- _SOURCE DATA_

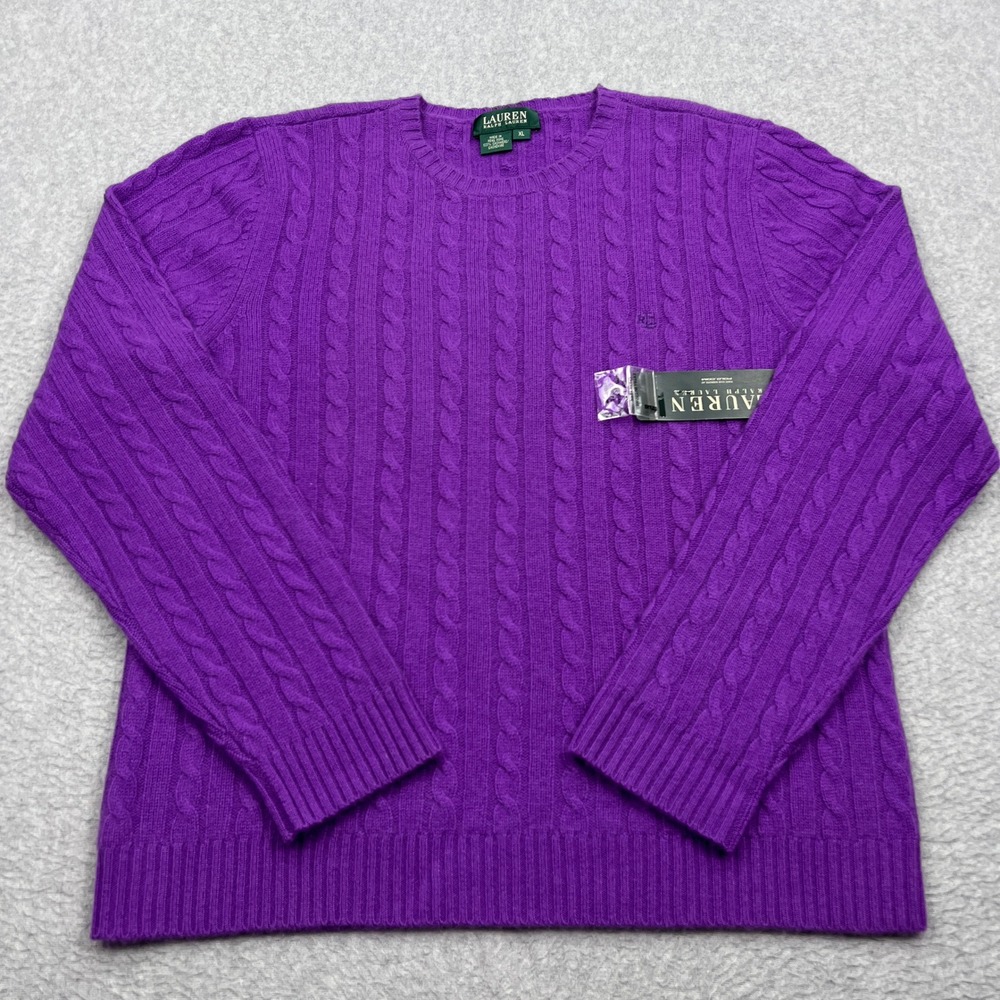 NEW Lauren Ralph Lauren Sweater Womens XL Purple 100% Cashmere Cable Knit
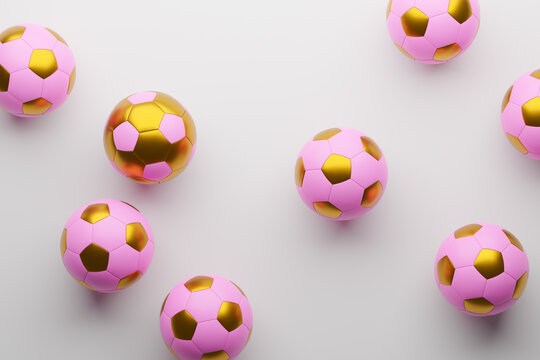 Many pink soccer balls with one golden soccer ball, women s soccer 3d concept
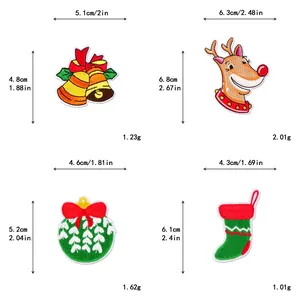 Detailed size and weight chart for Christmas Santa and Reindeer embroidery patches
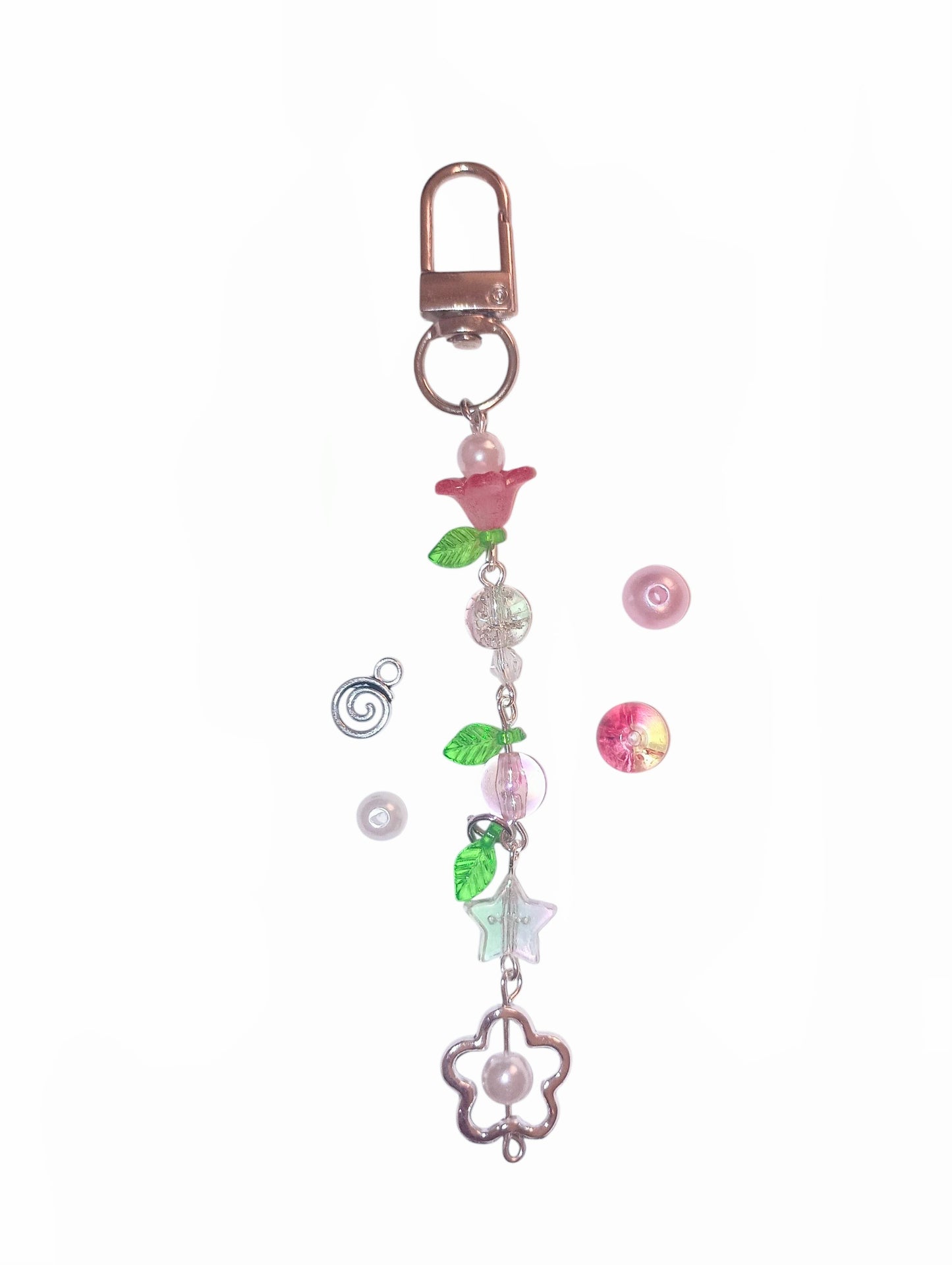Beaded Flower Keychain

- _PROBLEM STATEMENT_
Lines from the one containing "Detailed size and" through the end of the material above must be reproduced exactly; pictures must not be.

- _SOLUTION TO THIS EXERCISE_
 Detailed size and weight chart for Christmas Santa and Reindeer embroidery patches
Beaded Flower Keychain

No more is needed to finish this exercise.